The revelers who gathered in D.C.‘s Lafayette Park had a healthier attitude: They hung a sign on the White House fence reading, “Ding dong, the witch is dead.”
“I’ll tell you what I remember most about Watergate,” journalist Jeff Greenfield enthused 10 years after the fact: “It was fun.”
Fun?! That sounds positively transgressive, but maybe Greenfield was on to something. We get so little for our tax dollars. Is the occasional bit of entertainment too much to ask? Throughout American history, presidential impeachments have been safe, legal—and all too rare. But what few we’ve had have provided their share of merry spectacle.
The 1868 impeachment of Andrew Johnson centered on the rather boring charge that the president had violated the short-lived Tenure of Office Act by sacking his secretary of war, Edwin Stanton, without senatorial approval. But even that had elements of slapstick. Sec. Stanton refused to give up his post, camped out in his office, and barricaded the door. (It’s a wonder that move didn’t occur to diva-ish former FBI director James Comey after Trump fired him in May 2017.) With the cooperation of a local judge, Stanton got an arrest warrant issued for his designated replacement, who was hauled out of bed, still drunk from the night before, by a district marshal. The war secretary got less help from his wife when he sent to her for food and clothes. Instead she came by to berate him for making a fool of himself.
The Johnson impeachment was D.C.‘s hot ticket of the season. A young Mark Twain filed dispatches from the proceedings: “The multitude of strangers were waiting for impeachment. They did not know what impeachment was, exactly, but they had a general idea that it would come in the form of an avalanche, or a thunder clap, or that maybe the roof would fall in.” Charles Dickens, in town on a U.S. speaking tour, wrote his editor that it was “lucky I made so much money at first,” since the House debate “instantly emptied our great gallery here last night, and paralyzed the Theaters in the midst of a rush of good business.”
To give Ken Starr his due, the Clinton impeachment saga probably was hell for a few people. But save for Monica Lewinsky, most of them deserved it. For the rest of us, the scandal was a guilty pleasure.
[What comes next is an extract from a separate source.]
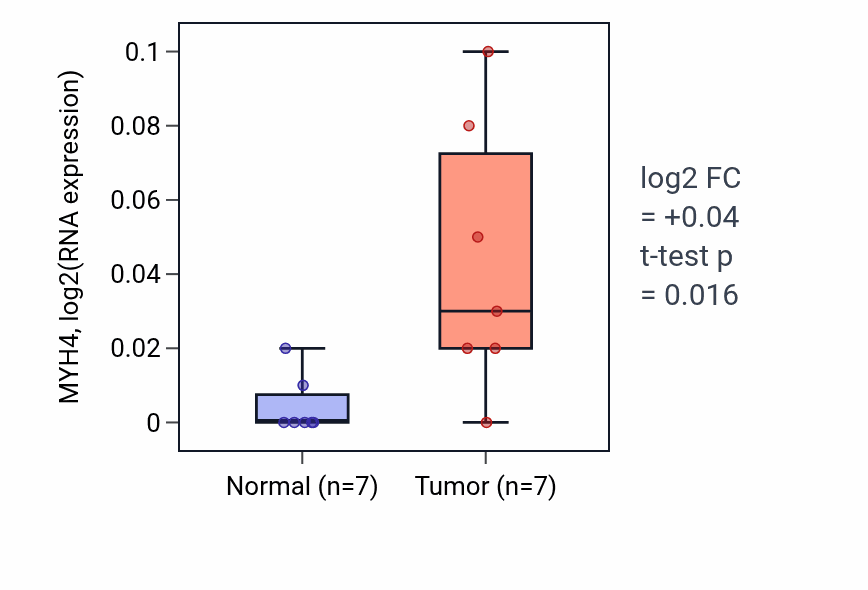 Tumor-vs-normal expression box plot for MYH4 in BLCA.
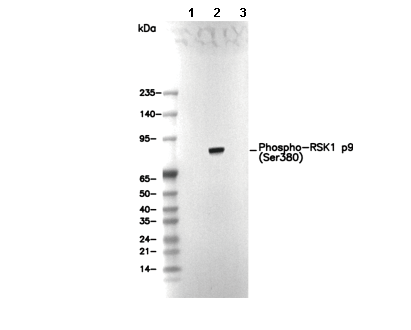 Phospho-RSK1 p90 (Ser380) Antibody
Even the collateral damage was amusing. Republican losses in the 1998 midterms—driven in part by the unpopularity of the impeachment effort—forced Newt Gingrich to resign as speaker of the House. His would-be successor, Rep. Bob Livingston (R–La.), had to quit as well upon learning that one of his own extramarital affairs was about to be exposed. “I’ve been Flynted,” he told his colleagues, referring to Hustler publisher Larry Flynt’s impeachment-inspired crusade to unearth sexual hypocrisy on Capitol Hill.
And it was instructive, to say the least, to observe the lengths to which Clinton would go to keep his job. In his book, Judge Posner summed up the saga as “the ultimate Washington novel,” the major effect of which was “to make it difficult to take Presidents seriously as superior people.” That’s a lesson worth relearning time and again.